Autre avantage, selon Volodymyr Yermolenko: «Zelensky parle aux populations de l’est et du sud (majoritairement russophones), qui pensent différemment depuis 2014, qui se sont positionnées contre la Russie et le passé soviétique, mais qui ne sont pas à l’aise dans le narratif patriotique de Porochenko». Dmytro Razoumkov, le jeune stratège politique de l’acteur, confirme: son poulain serait le seul à être populaire partout, même s’il l’est un peu plus à l’est et un peu moins à l’ouest.
Un romantisme naïf
Insaisissable, Volodymyr Zelensky étourdit la communauté diplomatique. «On est à la limite entre le virtuel et la réalité, les gens votent pour le président de la série», relève une source diplomatique. Fin janvier, neuf ambassadeurs de l’UE en poste à Kiev reçoivent le comédien. «C’est un très bon orateur, charmant, qui fait de bons constats, mais il n’est pas compétent sur toutes les questions techniques et sur les réformes», révèle un témoin.

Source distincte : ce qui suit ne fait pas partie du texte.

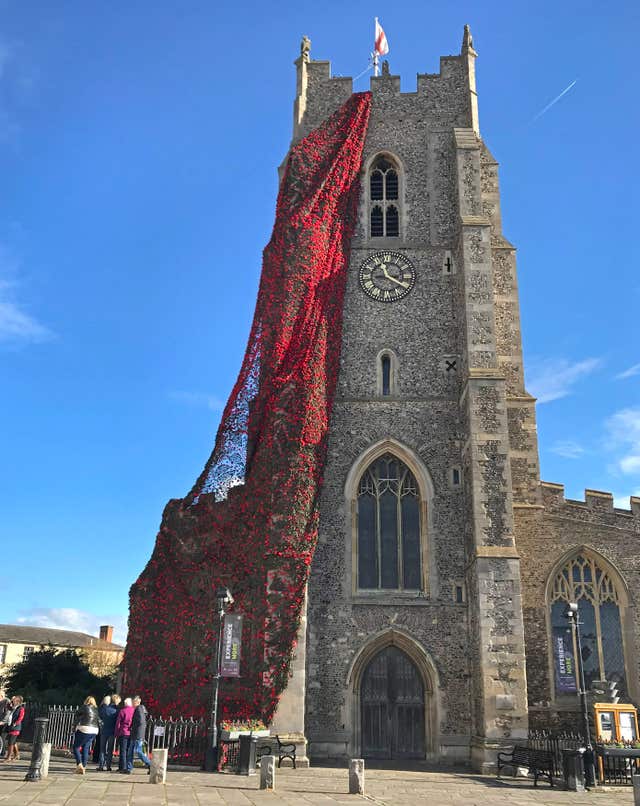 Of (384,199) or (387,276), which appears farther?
(384,199)

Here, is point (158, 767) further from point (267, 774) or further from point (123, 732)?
point (267, 774)

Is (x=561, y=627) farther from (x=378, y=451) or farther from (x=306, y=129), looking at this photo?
(x=306, y=129)


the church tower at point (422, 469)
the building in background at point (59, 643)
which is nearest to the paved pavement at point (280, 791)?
the church tower at point (422, 469)

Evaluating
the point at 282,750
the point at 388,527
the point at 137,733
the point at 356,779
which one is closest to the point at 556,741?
the point at 282,750

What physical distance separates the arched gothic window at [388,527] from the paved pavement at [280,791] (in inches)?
215

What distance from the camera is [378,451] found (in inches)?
857

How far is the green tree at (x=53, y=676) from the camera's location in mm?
26903

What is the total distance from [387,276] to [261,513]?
887 centimetres

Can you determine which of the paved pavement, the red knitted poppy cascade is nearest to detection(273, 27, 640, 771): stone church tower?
the red knitted poppy cascade

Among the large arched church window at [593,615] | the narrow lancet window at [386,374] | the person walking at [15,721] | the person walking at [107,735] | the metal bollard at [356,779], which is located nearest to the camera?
the metal bollard at [356,779]

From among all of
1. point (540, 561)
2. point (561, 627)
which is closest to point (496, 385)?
point (540, 561)

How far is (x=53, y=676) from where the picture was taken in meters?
28.3

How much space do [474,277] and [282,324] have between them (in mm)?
5785

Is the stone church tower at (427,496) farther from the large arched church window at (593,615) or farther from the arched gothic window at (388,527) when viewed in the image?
the large arched church window at (593,615) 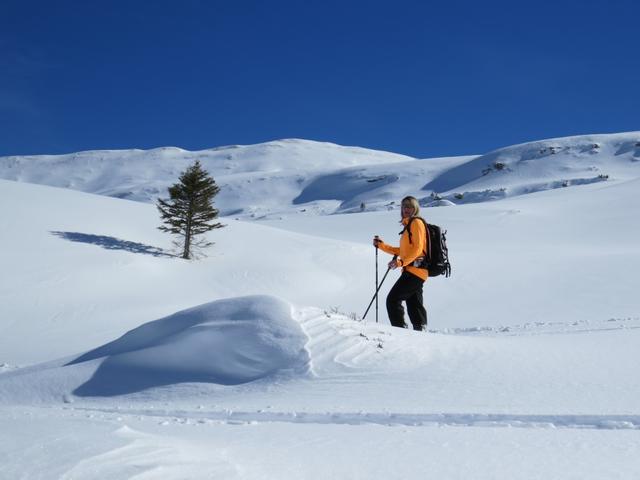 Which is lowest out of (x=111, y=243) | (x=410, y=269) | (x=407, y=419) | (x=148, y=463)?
(x=407, y=419)

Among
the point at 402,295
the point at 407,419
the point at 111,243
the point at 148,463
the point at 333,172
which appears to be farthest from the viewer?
the point at 333,172

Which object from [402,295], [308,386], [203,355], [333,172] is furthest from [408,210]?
[333,172]

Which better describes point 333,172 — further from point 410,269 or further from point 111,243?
point 410,269

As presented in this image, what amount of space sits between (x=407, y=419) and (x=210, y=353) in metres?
2.05

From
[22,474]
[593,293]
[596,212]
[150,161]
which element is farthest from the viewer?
[150,161]

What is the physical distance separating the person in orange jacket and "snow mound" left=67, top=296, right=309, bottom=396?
72.3 inches

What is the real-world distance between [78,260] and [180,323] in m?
12.5

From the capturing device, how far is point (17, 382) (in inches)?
196

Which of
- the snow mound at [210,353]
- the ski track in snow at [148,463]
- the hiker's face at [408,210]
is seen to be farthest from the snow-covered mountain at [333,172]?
the ski track in snow at [148,463]

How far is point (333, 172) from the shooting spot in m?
138

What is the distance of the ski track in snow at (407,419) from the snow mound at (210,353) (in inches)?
32.4

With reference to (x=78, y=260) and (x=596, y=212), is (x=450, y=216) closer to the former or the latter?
(x=596, y=212)

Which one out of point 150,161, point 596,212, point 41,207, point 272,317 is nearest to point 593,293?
point 272,317

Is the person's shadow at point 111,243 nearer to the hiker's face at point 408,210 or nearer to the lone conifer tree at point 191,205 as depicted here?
the lone conifer tree at point 191,205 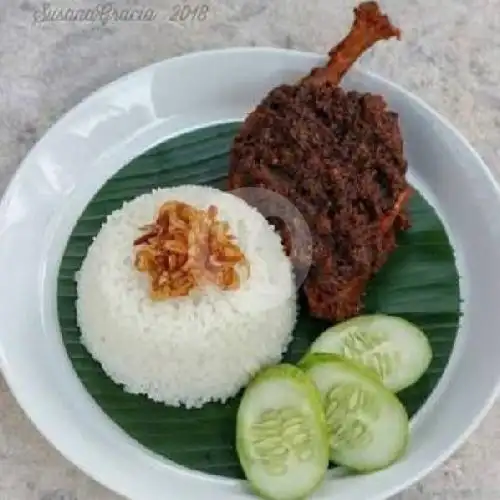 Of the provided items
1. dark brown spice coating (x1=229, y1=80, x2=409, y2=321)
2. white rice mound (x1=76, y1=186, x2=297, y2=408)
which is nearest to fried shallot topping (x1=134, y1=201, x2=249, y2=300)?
white rice mound (x1=76, y1=186, x2=297, y2=408)

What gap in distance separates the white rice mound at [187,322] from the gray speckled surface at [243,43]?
688 millimetres

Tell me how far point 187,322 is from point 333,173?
22.4 inches

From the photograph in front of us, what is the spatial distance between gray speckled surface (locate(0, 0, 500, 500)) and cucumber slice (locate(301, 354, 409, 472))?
3.78ft

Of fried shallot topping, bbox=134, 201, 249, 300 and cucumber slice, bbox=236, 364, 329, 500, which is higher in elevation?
fried shallot topping, bbox=134, 201, 249, 300

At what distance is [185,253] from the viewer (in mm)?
2510

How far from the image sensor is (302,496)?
237 centimetres

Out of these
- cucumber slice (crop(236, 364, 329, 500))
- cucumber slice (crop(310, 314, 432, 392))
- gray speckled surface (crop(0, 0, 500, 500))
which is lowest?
cucumber slice (crop(236, 364, 329, 500))

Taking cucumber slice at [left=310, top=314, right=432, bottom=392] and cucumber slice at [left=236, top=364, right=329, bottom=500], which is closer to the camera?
cucumber slice at [left=236, top=364, right=329, bottom=500]

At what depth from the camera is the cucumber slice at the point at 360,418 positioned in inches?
94.7

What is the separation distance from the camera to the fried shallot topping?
8.27ft

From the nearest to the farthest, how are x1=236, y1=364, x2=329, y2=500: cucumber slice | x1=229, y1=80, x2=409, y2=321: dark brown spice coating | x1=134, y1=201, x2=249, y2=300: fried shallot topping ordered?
x1=236, y1=364, x2=329, y2=500: cucumber slice → x1=134, y1=201, x2=249, y2=300: fried shallot topping → x1=229, y1=80, x2=409, y2=321: dark brown spice coating

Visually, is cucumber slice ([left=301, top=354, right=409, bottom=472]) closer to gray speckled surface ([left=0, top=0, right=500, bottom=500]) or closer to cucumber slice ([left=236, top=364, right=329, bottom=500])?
cucumber slice ([left=236, top=364, right=329, bottom=500])

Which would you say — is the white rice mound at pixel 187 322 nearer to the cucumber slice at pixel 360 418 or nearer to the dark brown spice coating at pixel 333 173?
the dark brown spice coating at pixel 333 173

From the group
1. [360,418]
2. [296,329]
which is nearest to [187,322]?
[296,329] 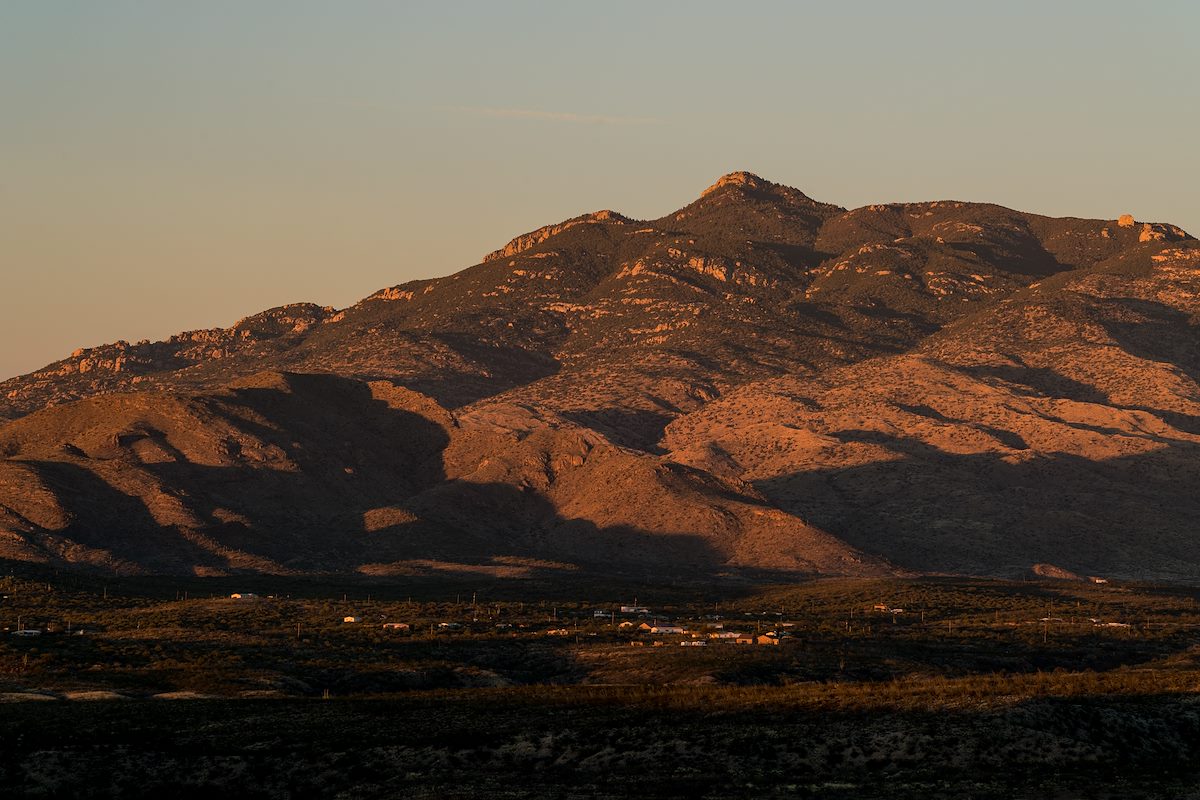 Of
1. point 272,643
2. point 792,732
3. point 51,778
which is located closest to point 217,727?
point 51,778

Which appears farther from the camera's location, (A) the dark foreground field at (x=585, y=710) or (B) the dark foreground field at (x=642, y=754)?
(A) the dark foreground field at (x=585, y=710)

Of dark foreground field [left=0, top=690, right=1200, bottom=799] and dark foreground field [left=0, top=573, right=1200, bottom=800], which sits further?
dark foreground field [left=0, top=573, right=1200, bottom=800]

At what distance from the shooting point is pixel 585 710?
75.1 metres

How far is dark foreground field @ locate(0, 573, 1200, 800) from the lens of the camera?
62250mm

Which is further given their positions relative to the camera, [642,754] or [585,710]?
[585,710]

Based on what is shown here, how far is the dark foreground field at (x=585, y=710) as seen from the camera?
62.2 m

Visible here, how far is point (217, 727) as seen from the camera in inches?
2822

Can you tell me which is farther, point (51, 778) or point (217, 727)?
point (217, 727)

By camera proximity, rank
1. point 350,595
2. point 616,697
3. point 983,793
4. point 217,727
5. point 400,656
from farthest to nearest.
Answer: point 350,595 < point 400,656 < point 616,697 < point 217,727 < point 983,793

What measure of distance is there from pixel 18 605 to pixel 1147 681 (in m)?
95.0

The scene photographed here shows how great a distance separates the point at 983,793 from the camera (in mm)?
57344

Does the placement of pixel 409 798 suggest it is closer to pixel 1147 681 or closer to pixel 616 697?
pixel 616 697

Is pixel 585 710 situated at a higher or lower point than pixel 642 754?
higher

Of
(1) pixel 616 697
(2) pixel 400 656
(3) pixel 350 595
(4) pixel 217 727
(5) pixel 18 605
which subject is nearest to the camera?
(4) pixel 217 727
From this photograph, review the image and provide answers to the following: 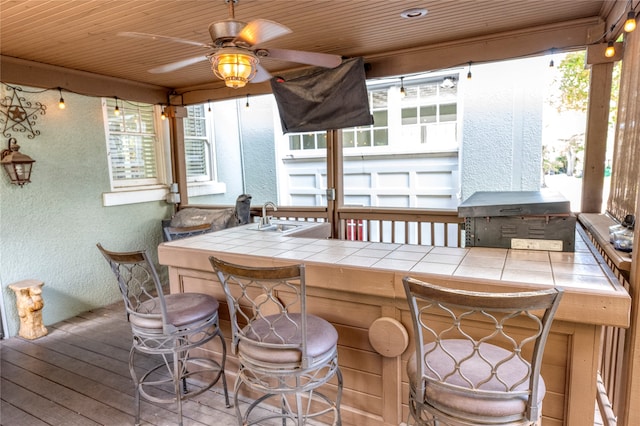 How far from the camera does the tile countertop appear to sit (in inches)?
60.4

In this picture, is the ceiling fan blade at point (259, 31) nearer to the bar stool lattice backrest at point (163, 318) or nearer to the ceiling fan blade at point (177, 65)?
the ceiling fan blade at point (177, 65)

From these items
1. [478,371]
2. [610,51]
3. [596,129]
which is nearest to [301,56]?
[478,371]

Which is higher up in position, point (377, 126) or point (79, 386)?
point (377, 126)

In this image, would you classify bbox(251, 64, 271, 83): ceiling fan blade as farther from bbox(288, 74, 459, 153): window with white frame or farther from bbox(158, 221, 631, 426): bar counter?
bbox(288, 74, 459, 153): window with white frame

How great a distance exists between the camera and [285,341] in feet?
5.31

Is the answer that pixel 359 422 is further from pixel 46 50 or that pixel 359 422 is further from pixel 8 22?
pixel 46 50

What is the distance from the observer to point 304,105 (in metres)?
3.99

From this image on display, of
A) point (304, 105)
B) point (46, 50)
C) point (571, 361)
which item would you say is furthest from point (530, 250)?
point (46, 50)

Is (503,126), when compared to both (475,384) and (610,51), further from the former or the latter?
(475,384)

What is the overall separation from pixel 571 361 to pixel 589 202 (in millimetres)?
2077

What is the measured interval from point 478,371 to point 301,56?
2.09m

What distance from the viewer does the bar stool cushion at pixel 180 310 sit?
2000 millimetres

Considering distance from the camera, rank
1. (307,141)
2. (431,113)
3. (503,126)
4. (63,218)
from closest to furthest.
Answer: (63,218)
(503,126)
(431,113)
(307,141)

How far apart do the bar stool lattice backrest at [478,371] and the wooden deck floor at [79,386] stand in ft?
4.64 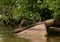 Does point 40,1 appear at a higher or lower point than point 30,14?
higher

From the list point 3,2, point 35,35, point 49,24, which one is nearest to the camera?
point 35,35

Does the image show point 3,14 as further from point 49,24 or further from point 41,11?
point 49,24

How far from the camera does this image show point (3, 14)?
28.4 meters

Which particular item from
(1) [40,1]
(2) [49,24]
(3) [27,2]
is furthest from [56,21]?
(3) [27,2]

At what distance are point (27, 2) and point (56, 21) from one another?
331cm

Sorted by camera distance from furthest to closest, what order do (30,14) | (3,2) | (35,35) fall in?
(3,2)
(30,14)
(35,35)

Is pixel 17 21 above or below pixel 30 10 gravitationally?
below

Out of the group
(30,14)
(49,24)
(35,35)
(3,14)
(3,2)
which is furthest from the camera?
(3,14)

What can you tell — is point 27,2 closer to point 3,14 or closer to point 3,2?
point 3,2

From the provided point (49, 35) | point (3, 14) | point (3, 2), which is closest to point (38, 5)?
point (49, 35)

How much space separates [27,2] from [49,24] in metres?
3.23

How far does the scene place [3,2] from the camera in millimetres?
24734

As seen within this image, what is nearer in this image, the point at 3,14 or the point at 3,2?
the point at 3,2

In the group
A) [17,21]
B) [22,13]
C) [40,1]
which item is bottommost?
[17,21] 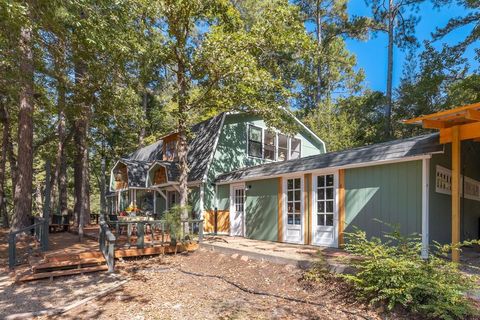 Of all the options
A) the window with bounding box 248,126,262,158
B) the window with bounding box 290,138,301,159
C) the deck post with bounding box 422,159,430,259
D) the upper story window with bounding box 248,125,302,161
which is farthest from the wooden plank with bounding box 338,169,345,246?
the window with bounding box 290,138,301,159

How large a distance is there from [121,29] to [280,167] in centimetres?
597

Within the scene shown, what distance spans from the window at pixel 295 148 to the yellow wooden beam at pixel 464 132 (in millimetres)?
9145

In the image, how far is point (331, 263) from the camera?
6.05 m

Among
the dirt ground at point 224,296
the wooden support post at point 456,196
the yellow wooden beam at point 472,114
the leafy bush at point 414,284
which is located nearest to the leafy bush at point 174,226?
the dirt ground at point 224,296

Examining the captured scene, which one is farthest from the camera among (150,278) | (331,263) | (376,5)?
(376,5)

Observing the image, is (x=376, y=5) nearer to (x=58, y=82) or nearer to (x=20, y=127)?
(x=58, y=82)

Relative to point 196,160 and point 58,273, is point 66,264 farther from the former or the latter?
point 196,160

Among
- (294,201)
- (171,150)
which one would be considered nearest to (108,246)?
(294,201)

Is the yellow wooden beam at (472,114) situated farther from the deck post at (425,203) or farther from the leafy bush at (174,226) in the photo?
the leafy bush at (174,226)

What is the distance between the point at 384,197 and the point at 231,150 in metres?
7.46

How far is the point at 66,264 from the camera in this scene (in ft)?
23.5

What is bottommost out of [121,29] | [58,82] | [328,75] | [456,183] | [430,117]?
[456,183]

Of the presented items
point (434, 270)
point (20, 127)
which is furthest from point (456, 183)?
point (20, 127)

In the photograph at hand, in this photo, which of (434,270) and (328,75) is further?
(328,75) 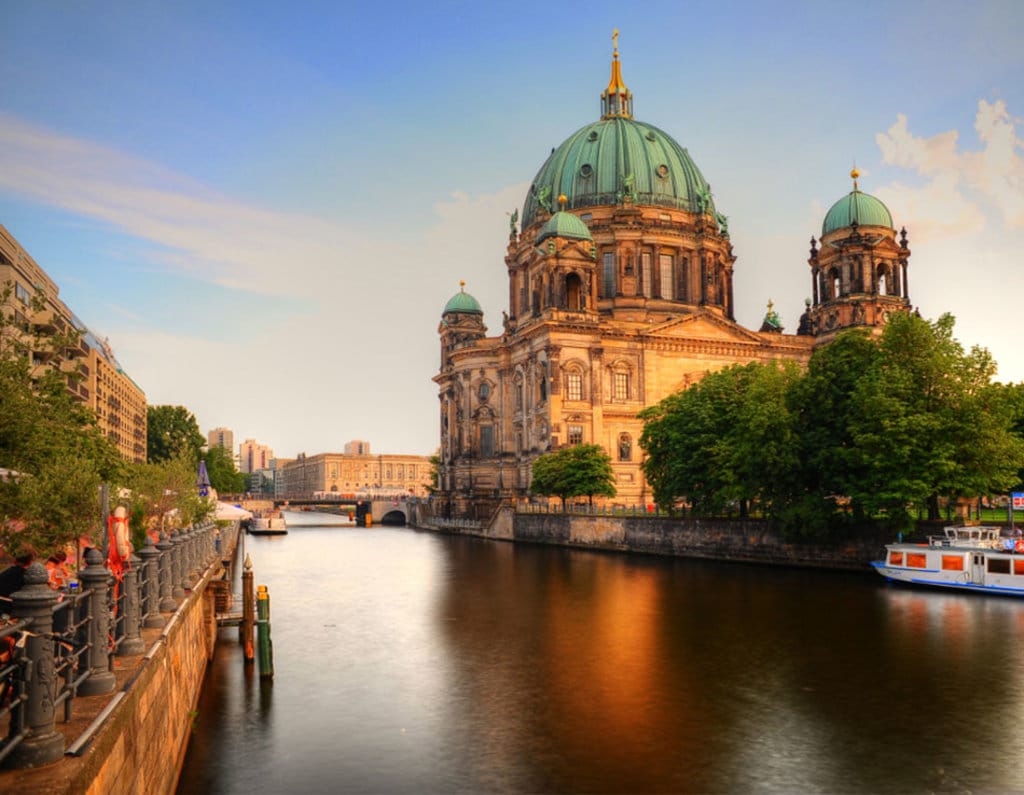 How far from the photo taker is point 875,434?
49.3 m

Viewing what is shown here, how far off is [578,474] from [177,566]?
66382mm

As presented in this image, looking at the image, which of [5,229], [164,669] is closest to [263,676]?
[164,669]

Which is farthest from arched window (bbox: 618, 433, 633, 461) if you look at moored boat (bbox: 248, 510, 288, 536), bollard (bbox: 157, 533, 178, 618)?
bollard (bbox: 157, 533, 178, 618)

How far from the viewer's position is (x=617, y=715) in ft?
75.3

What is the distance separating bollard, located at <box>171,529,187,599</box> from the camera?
839 inches

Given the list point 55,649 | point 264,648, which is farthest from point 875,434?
point 55,649

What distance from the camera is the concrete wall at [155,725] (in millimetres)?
9906

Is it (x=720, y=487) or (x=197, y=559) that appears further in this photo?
(x=720, y=487)

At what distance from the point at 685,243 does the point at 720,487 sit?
177 feet

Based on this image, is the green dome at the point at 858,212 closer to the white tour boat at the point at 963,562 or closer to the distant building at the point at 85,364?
the white tour boat at the point at 963,562

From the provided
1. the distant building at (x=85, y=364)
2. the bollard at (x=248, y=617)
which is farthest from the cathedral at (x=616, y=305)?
the bollard at (x=248, y=617)

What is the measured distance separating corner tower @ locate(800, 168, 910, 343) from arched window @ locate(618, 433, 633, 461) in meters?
26.0

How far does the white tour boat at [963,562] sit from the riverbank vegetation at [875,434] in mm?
2423

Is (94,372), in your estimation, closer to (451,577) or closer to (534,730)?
(451,577) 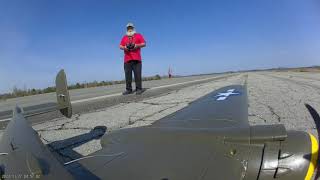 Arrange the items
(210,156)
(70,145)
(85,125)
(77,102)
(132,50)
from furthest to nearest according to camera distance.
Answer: (132,50) < (77,102) < (85,125) < (70,145) < (210,156)

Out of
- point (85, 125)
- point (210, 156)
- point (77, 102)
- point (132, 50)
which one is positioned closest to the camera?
point (210, 156)

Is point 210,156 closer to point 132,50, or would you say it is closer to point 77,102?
point 77,102

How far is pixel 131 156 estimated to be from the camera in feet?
5.68

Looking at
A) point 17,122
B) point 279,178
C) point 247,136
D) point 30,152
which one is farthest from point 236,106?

Du gazoduc Nord Stream 2 à la différence entre l’OTAN et l’OSCE, «il s’est rendu compte à quel point il ne savait rien, poursuit le diplomate. Le président est le chef des armées et, s’il est élu, c’est lui qui va devoir gérer la question du Donbass!» Personnellement touché par ce passage au révélateur, quasi «dramatique», Volodymyr Zelensky s’est mis à bosser. Des visiteurs du soir réformistes tentent de le débarrasser de son «romantisme naïf».
Parmi eux, Aivaras Abromavicius, ancien ministre de l’Economie, ou le député anti-corruption Serhiy Leshchenko. Des personnalités démocrates appréciées des Européens. Un homme pourrait être amené à jouer un rôle important si la fusée décolle: Oleksandr Danylyouk. Cet ancien ministre des Finances, interlocuteur du FMI et de l’UE à Kiev de 2016 à 2018, a lui-même piloté il y a deux ans la nationalisation de PrivatBank, ôtée à Kolomoïsky.
Une chance réelle
«Zelensky est le seul candidat qui possède une chance réelle de victoire et pourrait mettre en place les réformes radicales dont l’Ukraine a besoin, a confié Oleksandr Danylyouk lundi au Figaro. J’ai décidé de lui apporter mon soutien et de l’aider, tant à lancer un programme de réformes qu’à réunir l’équipe capable de le mettre en œuvre. Je ne peux juste pas rester un simple observateur. Il serait irresponsable de laisser passer cette chance.»
Courant mars, Volodymyr Zelensky a reçu à son QG un petit groupe de reporters, dont le correspondant du Temps. De l’entretien sont ressorties quelques velléités de propositions et beaucoup de platitudes. «Un vide est apparu en politique, les gens ne croient plus aux politiciens. Alors je veux prendre la tête de vrais pros, déclare le comédien, théorisant une présidence des experts. Je veux laisser une empreinte dans l’histoire, celle de quelqu’un d’honnête.»
Quatre jours avant l’élection, l’humoriste n’a toujours pas fait de meeting de campagne. Il préfère arpenter les routes de l’est de l’Ukraine avec sa bande de chansonniers, de Dnipro à Zaporijia en passant par Marioupol, ces villes qui peuvent faire basculer l’élection. Dans des vidéos virales, il trolle ses adversaires désarmés. Mais depuis le début de la semaine, sur les réseaux sociaux pris de vertige, surfe une injonction: «Votez, mais ne faites pas de blague!»